The sample MAD is a biased-low estimate of the true MAD, because you're really doing two steps of estimation:

  1. Estimate the sample median $m$ from the data
  2. Estimate the absolute deviation from $m$ using the same data

But in step 1 you're essentially selecting the $m$ that minimizes the result in step 2, so your result ends up being biased low. This is the same reason that, when calculating variance, one often divides the sum of squares by $n-1$ instead of by $n$: it corrects the bias from the nuisance parameter.

Anyway, the point is that if you know the true median, then you don't have this problem, and your sample MAD is an unbiased estimate of your true MAD. So you don't have to worry about making such corrections.

EDIT: However, as Glen_b points out in the comments, if your assumption of 0 median is even slightly wrong, then the estimate assuming 0 median will be much worse than the estimate using the sample median for large datasets. So be sure to at least check that a true median of 0 is consistent with your data, even if you know for a fact that it must be.

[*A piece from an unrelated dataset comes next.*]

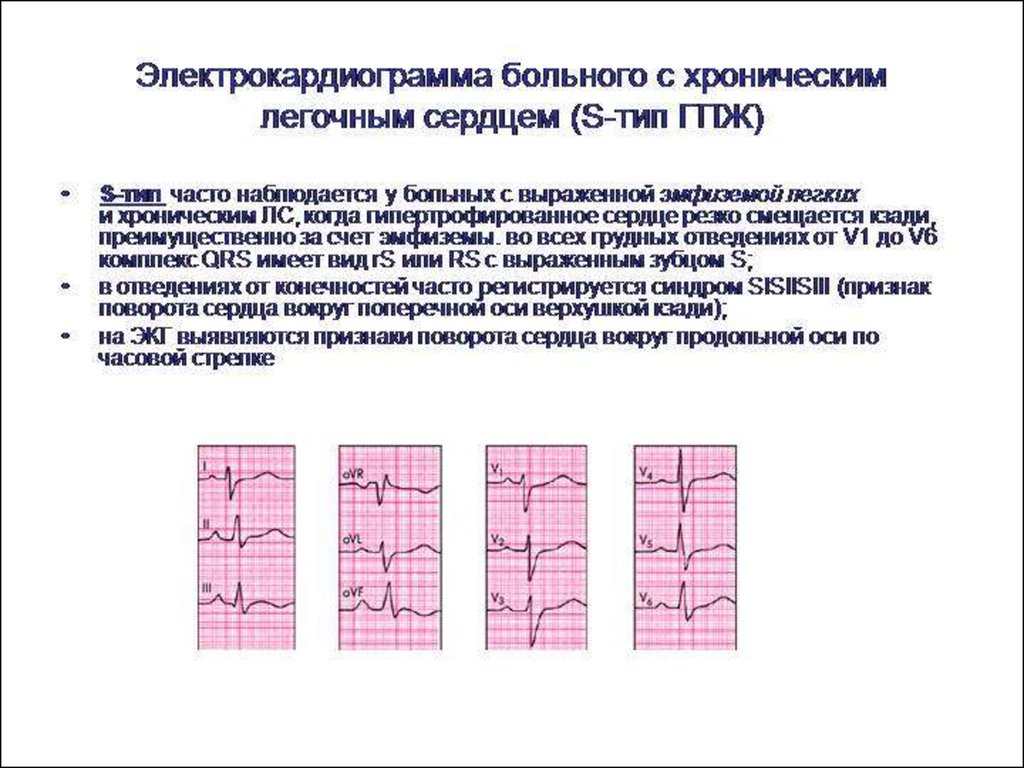 Типы экг. ЭКГ при хроническом легочном сердце. Изменения ЭКГ при хроническом легочном сердце. ЭКГ критерии легочного сердца. ЭКГ признаки ХЛС.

EDIT 2: A more formal argument since @AndrewM asked:

Take a sample $\{X_i\}_{i=1}^N$ of a r.v. $X$. Let $m$ be the true median and $\hat m$ be the sample median. The true MAD is $E_X(|X - m|)$; an unbiased estimate of this is $\frac1N \sum_i |X_i - m|$. Define $\text{mad}(y) := \frac1N\sum_i |X_i - y|$, so that $\text{mad}(m)$ is an unbiased estimator of the true MAD. Then the sample median is $\text{mad}(\hat m)$. But by the optimality property of the median, $\hat m$ is the minimizer of our $\text{mad}$ function. Therefore, unless $m = \hat m$ with probability 1, $E(\text{mad}(\hat m)) < E(\text{mad}(m))$ and the sample MAD is biased low.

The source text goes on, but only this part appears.